Except that you don't know how many times she flipped the coin. The idea is that she secretly flips until she gets heads, then gives you 2^n dollars, where n is the number of flips before getting heads, including the heads flip. The expected value for that transaction is infinite. Therefore, any finite amount you receive is disappointing, and it is always in your interest to ask her to do it again (or to switch to a second envelope where the same thing was done).
The basic idea, though, that we can translate over to the two briefcases, one doubling the other problem is that infinite expected value can lead you to want to switch no matter what finite value you are offered.
In terms of practicality, X has an upper bound - either the amount of money you can fit into a briefcase or the net worth of the person making the offer or the total money supply. Moreover, in terms of practicality, X wouldn't be uniformly distributed, even over the bounded range (who gives away all of their money?). The whole point of the problem is "theoretical rigor."

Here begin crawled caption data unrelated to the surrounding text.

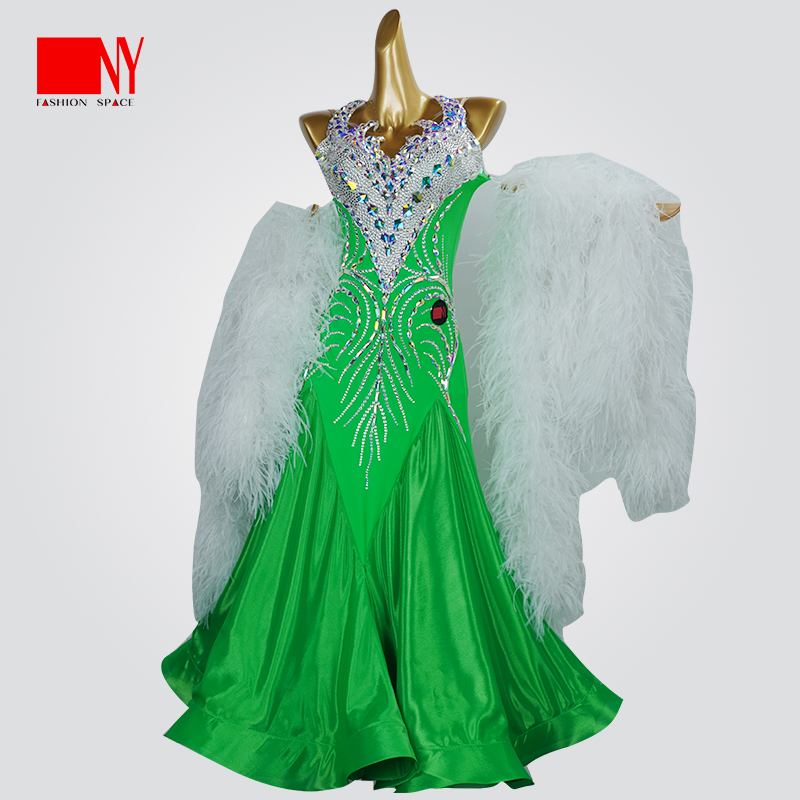 NY纳艺镶钻大摆摩登舞裙比赛演出交谊舞华尔兹舞蹈连衣裙表演裙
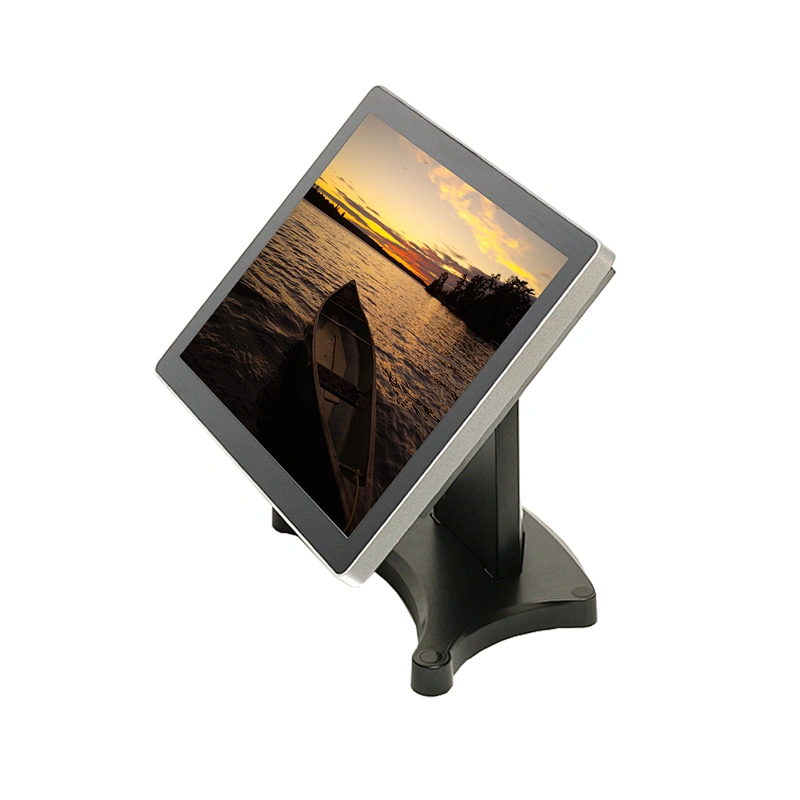 Fashion 15 inch PCAP touch screen monitor true flat surface with metal stand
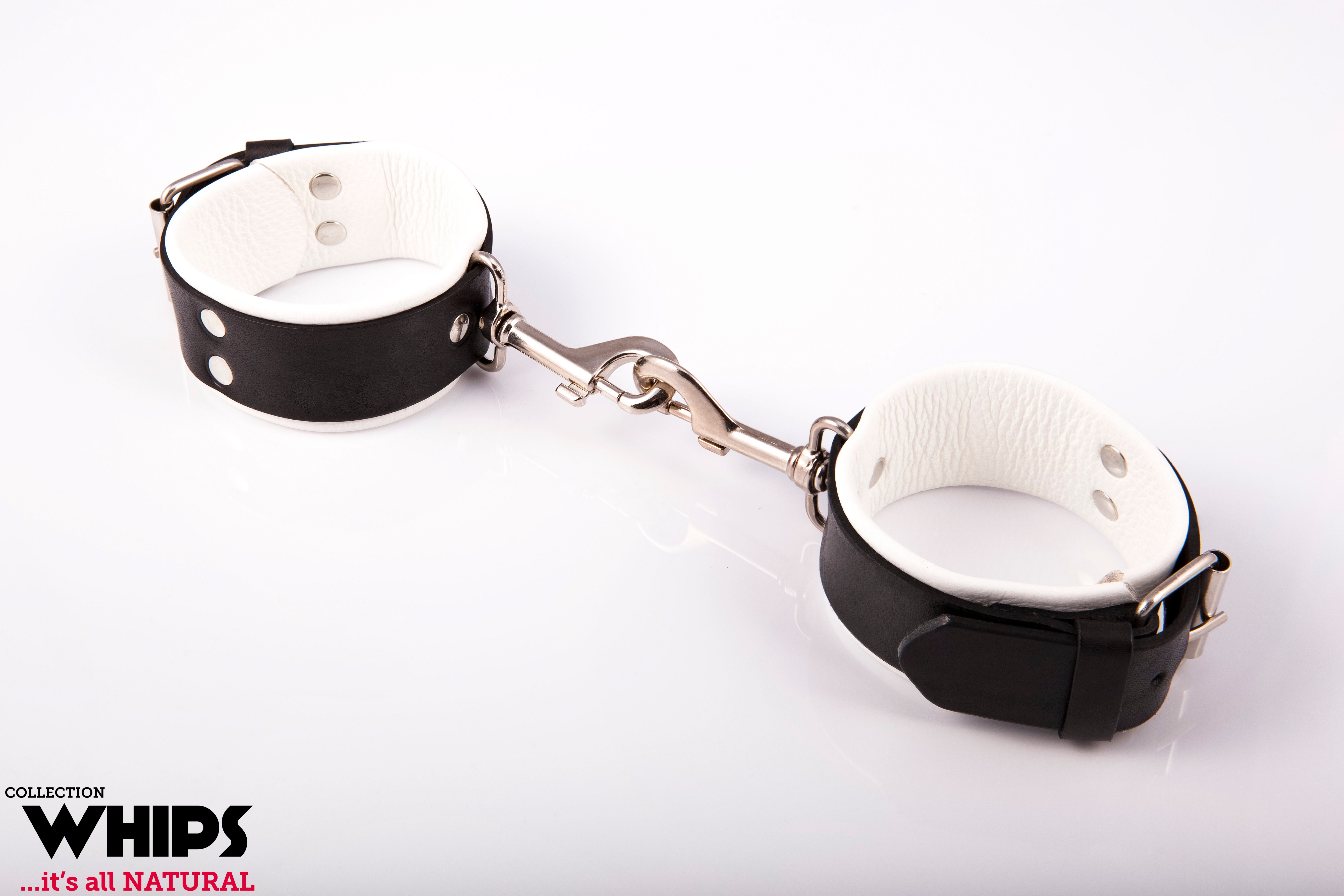 Whips Collection - Kajdanki Męskie, Z Karabińczykami, Białe ▶️▶️ DYSKRETNIE ▶️ GWARANCJA ▶️ PRZESYŁKA 24h ▶️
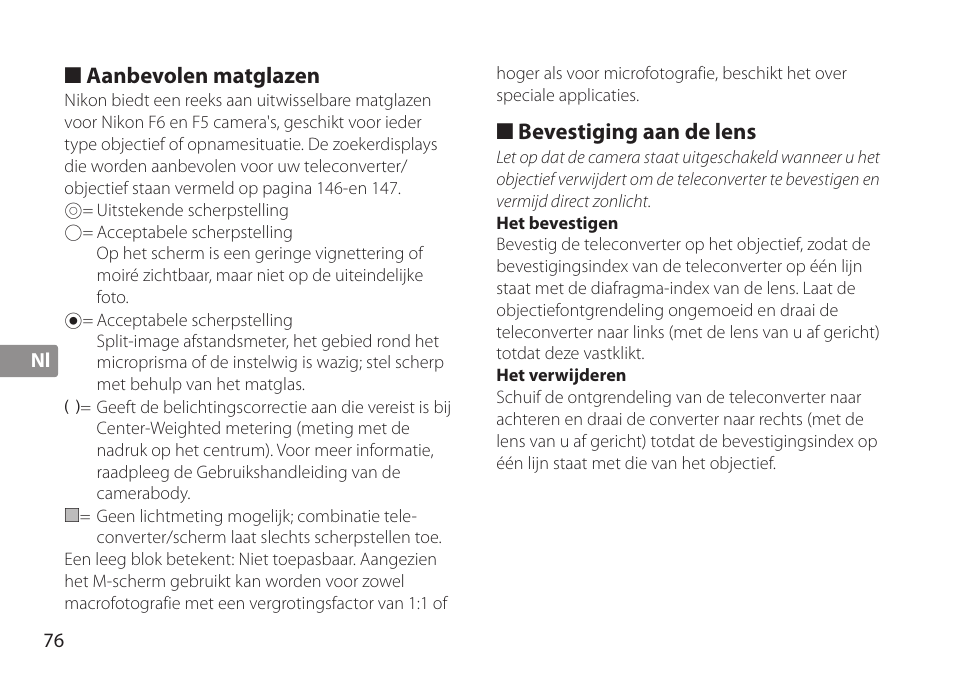 Aanbevolen matglazen, Bevestiging aan de lens, Het bevestigen | Het verwijderen | Nikon TC-20E III User Manual | Page 76 / 148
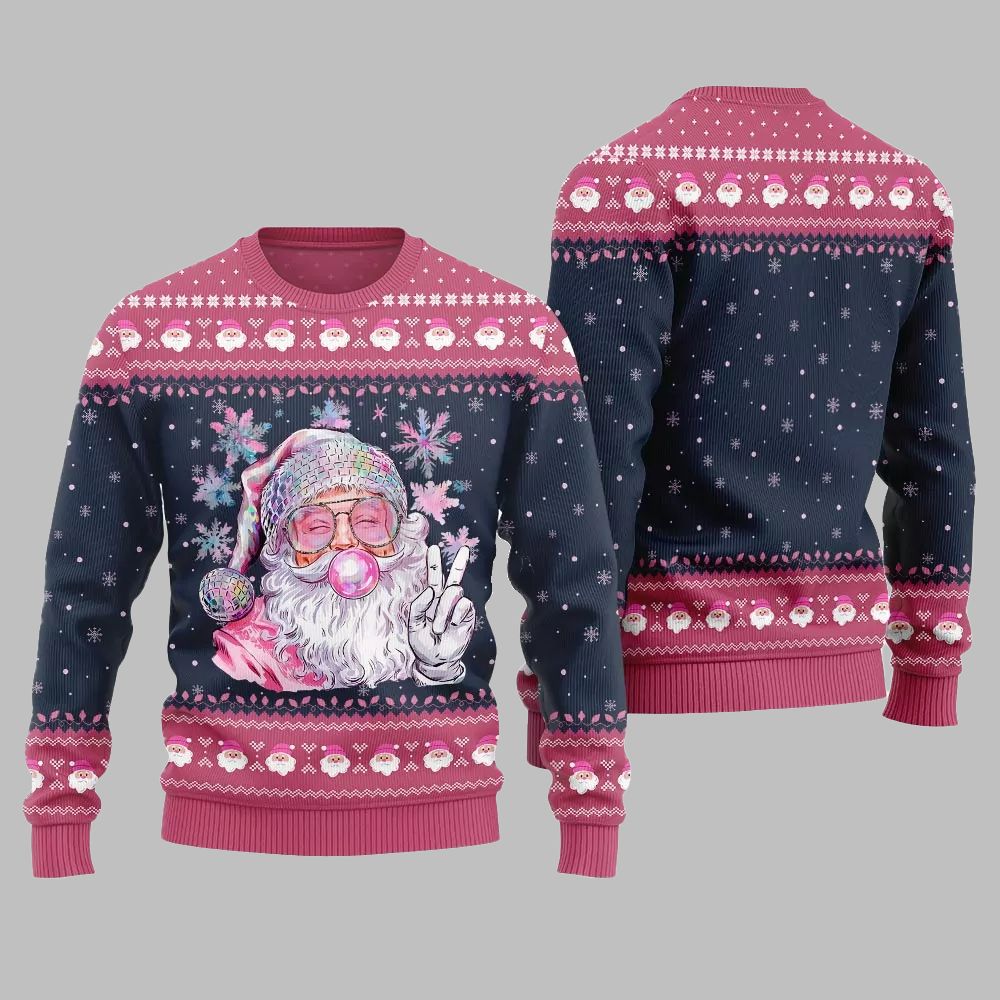 2026 Christmas Bubble Gum Santa Ugly Christmas Sweater - Moonbestprint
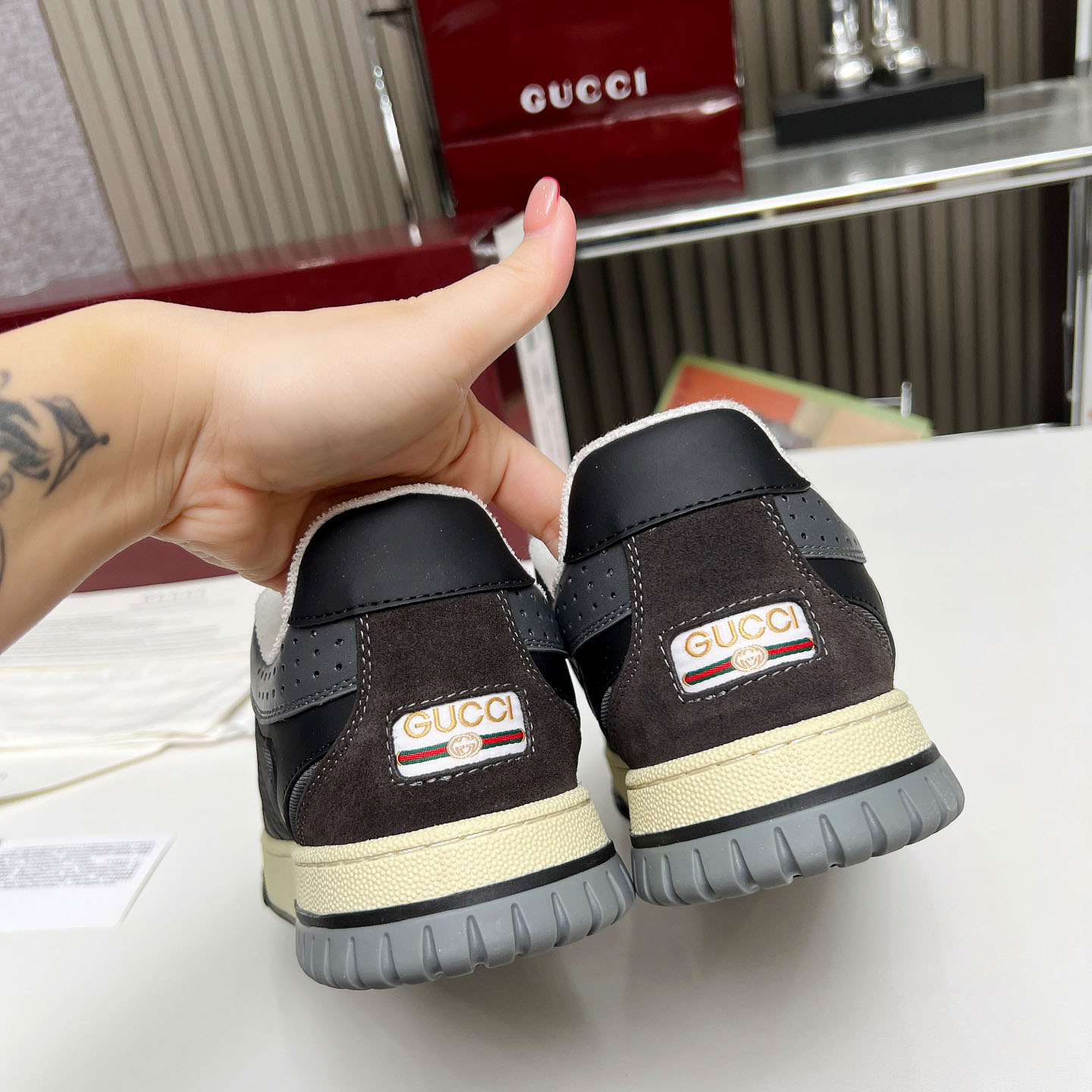 Gucci Re-Web Sneakers - DesignerGu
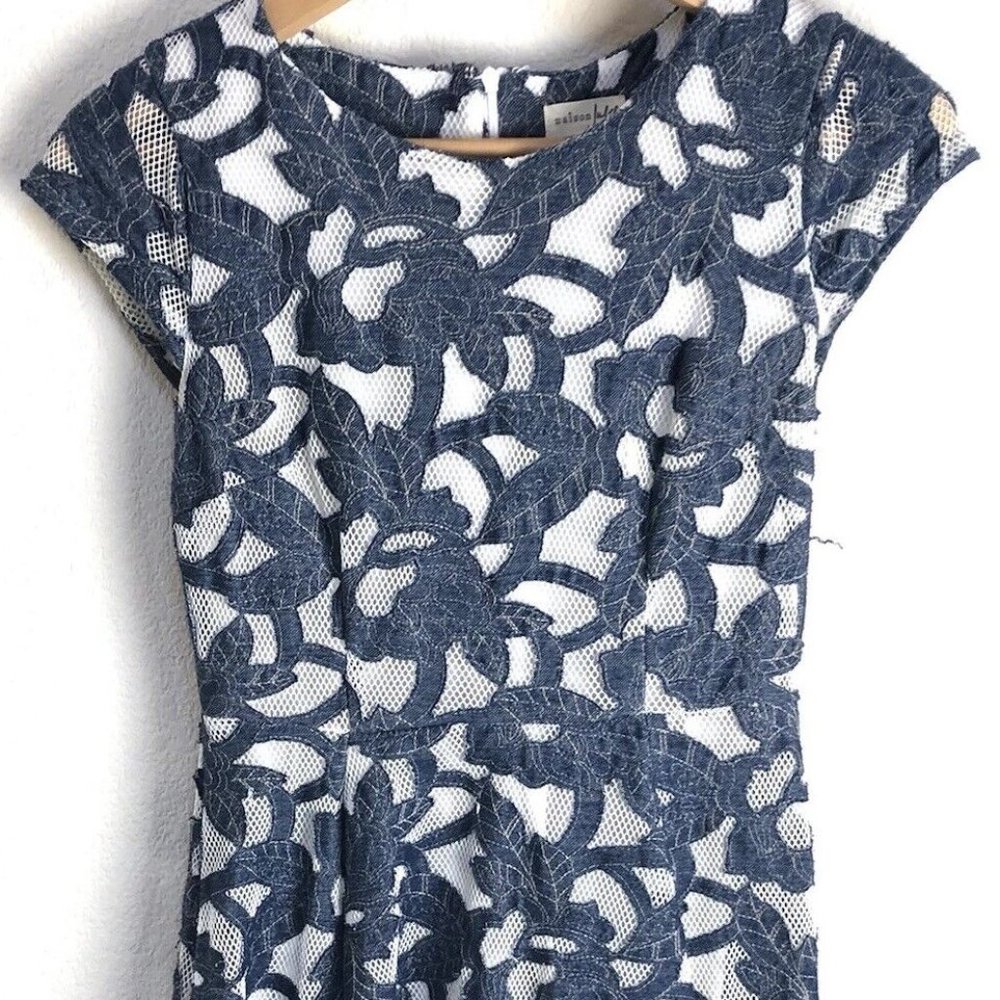 Maison Jules Navy White Midi Lace Stretch Overlay Flared Dress Size XS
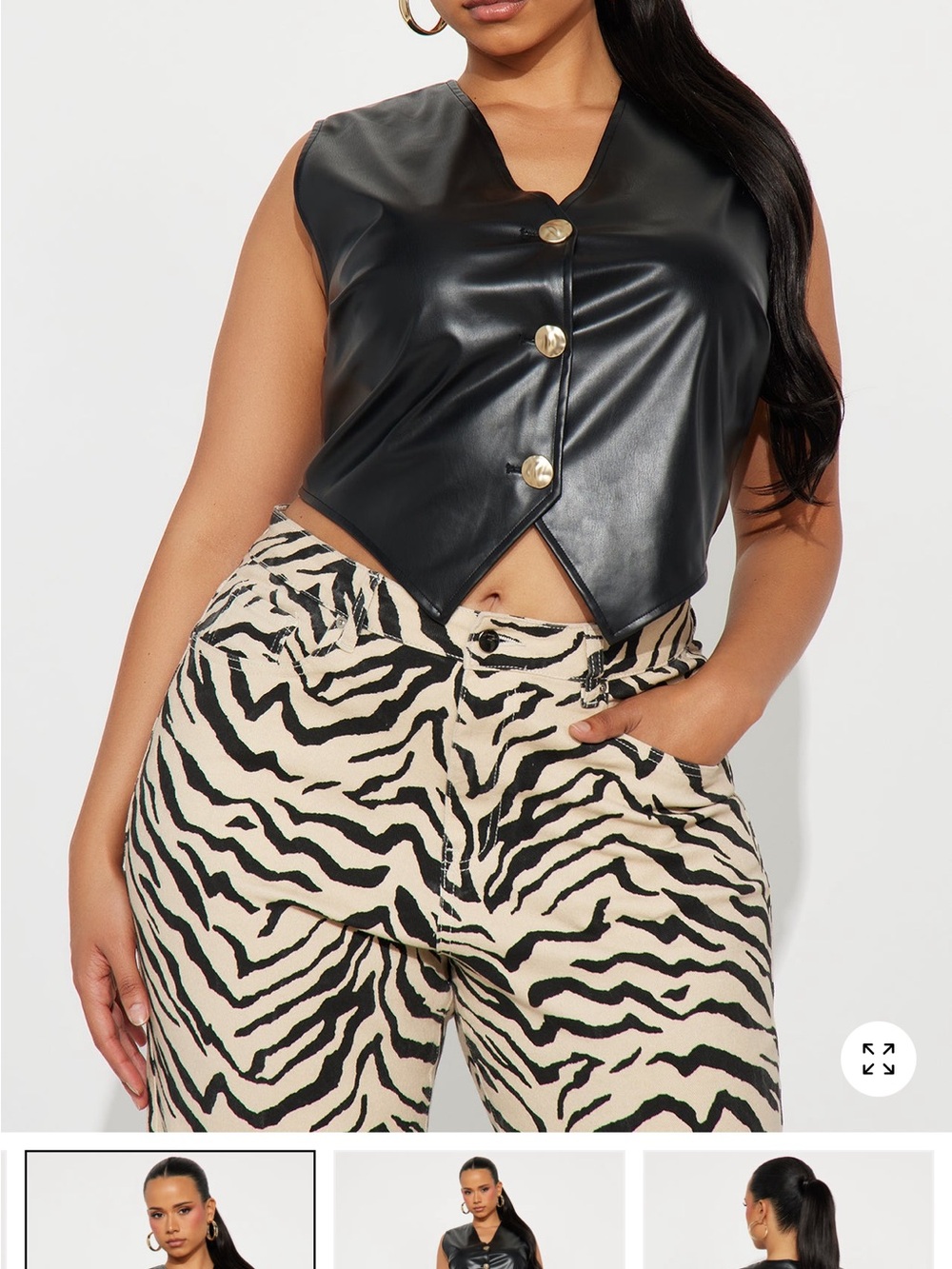 Fashion Nova Black Faux Leather V-Neck Button Crop Top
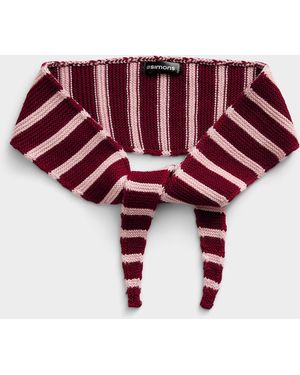 Simon's Striped Knit Narrow Scarf - Red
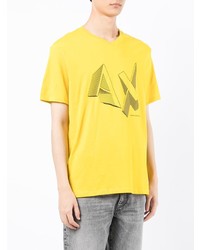 senf bedrucktes T-Shirt mit einem V-Ausschnitt von Armani Exchange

Besides, the conclusion that, as you put it, the expected amount of money in the bag is unbounded flows directly from the conclusion that the possibilities of money in the bag are unbounded. The one leads to the other.
For all non-wacky cases of the distribution of X it has zero expectation across all possible values of X to switch, full stop. There can be positive and negative expectations for switching with specific values of X, but they average out to zero. Since knowing a specific measurement of X tells you little about the underlying distribution, then switching is zero expectation.